I'm considering freebasing coffee


----------



## OpenWindows (Dec 25, 2015)

My boyfriend gave me Death Wish Coffee for Christmas. It's supposed to be the most caffeinated coffee on the market.

Yeah, I'm getting a lot of stuff done lately...


----------



## gouge_away (Apr 7, 2015)

I saw an advertisement a couple years ago for a brand called bulletproof coffee. It was marketed as the most caffeinated coffee ever produced, at $25/lb, I'd rather just get myself a quarter gram of coke  why mess around.

"Giggity Giggity!"


----------



## jorgegene (May 26, 2012)

coffee in the morning and coffee for lunch.

no food. just coffee and i'm happy!


----------



## Mr The Other (Feb 1, 2014)

Used to be.

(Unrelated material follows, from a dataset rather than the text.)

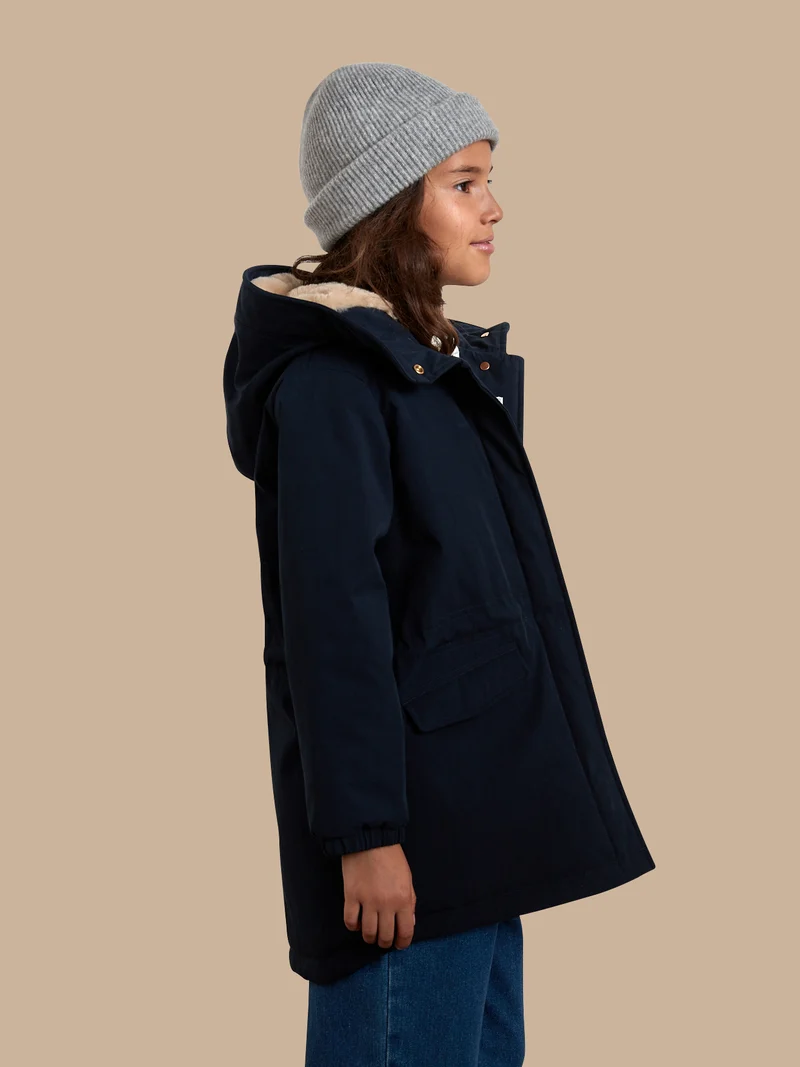 Mädchen-Parka mit Futter aus Pelzimitat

Then I gave it up.


----------



## Shiksa (Mar 2, 2012)

I got a nespresso for the holidays. Oh my goodness. Makes the best coffee. Now I can have a cup, easily, anytime.


----------



## Omar174 (Mar 12, 2014)

If I had to give up coffee I would die.


----------



## CatJayBird (Oct 5, 2015)

Did someone say coffee??


----------



## Annie123 (Apr 27, 2015)

I LOVE coffee


----------



## karole (Jun 30, 2010)

I need it in the morning - very strong. I need about 4 cups to get going. I don't normally drink it during the day tho.


----------



## Amplexor (Feb 13, 2008)

Hot-Black-Regular! That's all I need, none of the fru-fru stuff. Still use a percolator at home.


----------



## kristin2349 (Sep 12, 2013)

Shiksa said:


> I got a nespresso for the holidays. Oh my goodness. Makes the best coffee. Now I can have a cup, easily, anytime.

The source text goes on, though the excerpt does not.